Open OhadRubin opened 2 years ago
Once the next release of PyTorch XLA is out, we'll start taking a look at this
Hey @muellerzr, is there ongoing work for adding XLA support to FSDP? We, on the AWS SageMaker training compiler side, have started looking into XLA-FSDP and might be able to contribute to adding such support to accelerate.
@Vatshank not yet! It's the next thing on my list to get to after TPU pod support, so would love the help if you guys can! 🙏
Okay cool @muellerzr! Although our focus is on GPUs, I am sure there will be significant overlap in the code for adding support for either device type.
What do you think would be a good way to discuss some of these implementation details? If you guys have a shared Slack group for development, for instance. Also happy to continue to bug you on GitHub, if that's preferred :)
@Vatshank this gh issue should be fine!
@AlexWertheim With your recent pr can we call this request done?
@AlexWertheim With your recent pr can we call this request done?
Yeah, I think so. For reference, the PR in question can be seen here. @muellerzr can say better than I can whether this fulfills all requirements where accelerate is concerned.

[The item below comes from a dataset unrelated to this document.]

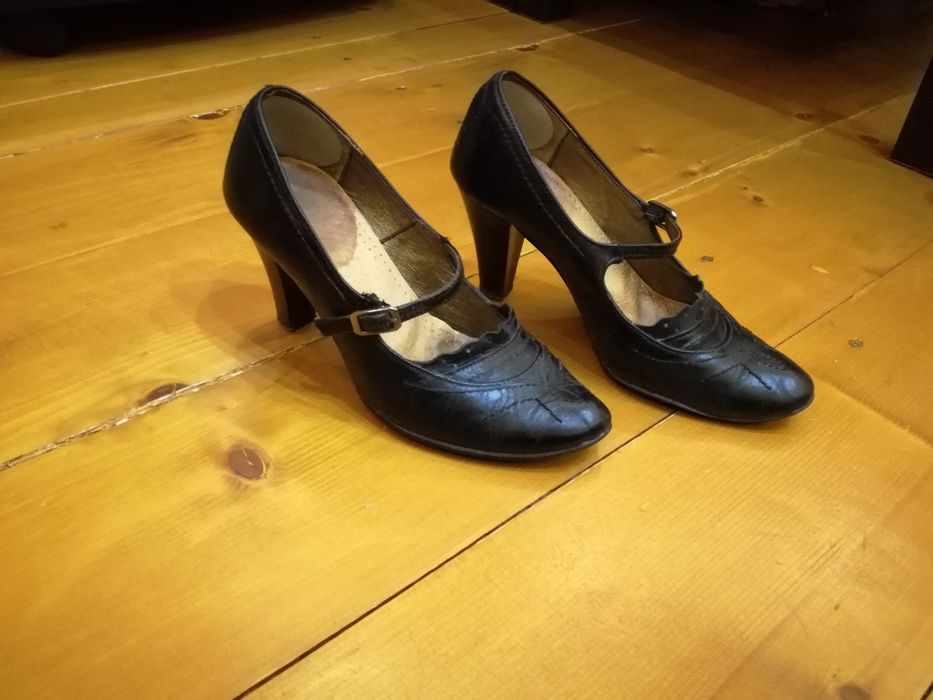 Czarne skórzane buty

A recent contribution to the pytorch_xla repo allows using FSDP in PyTorch XLA for sharding Module parameters across data-parallel workers. https://github.com/pytorch/xla/pull/3431 Some motivation behind this: It may be possible perform inference with OPT 30B on Google Colab without needing a Pro subscription, which I think many people will appreciate. What will be needed to add it to accelerate?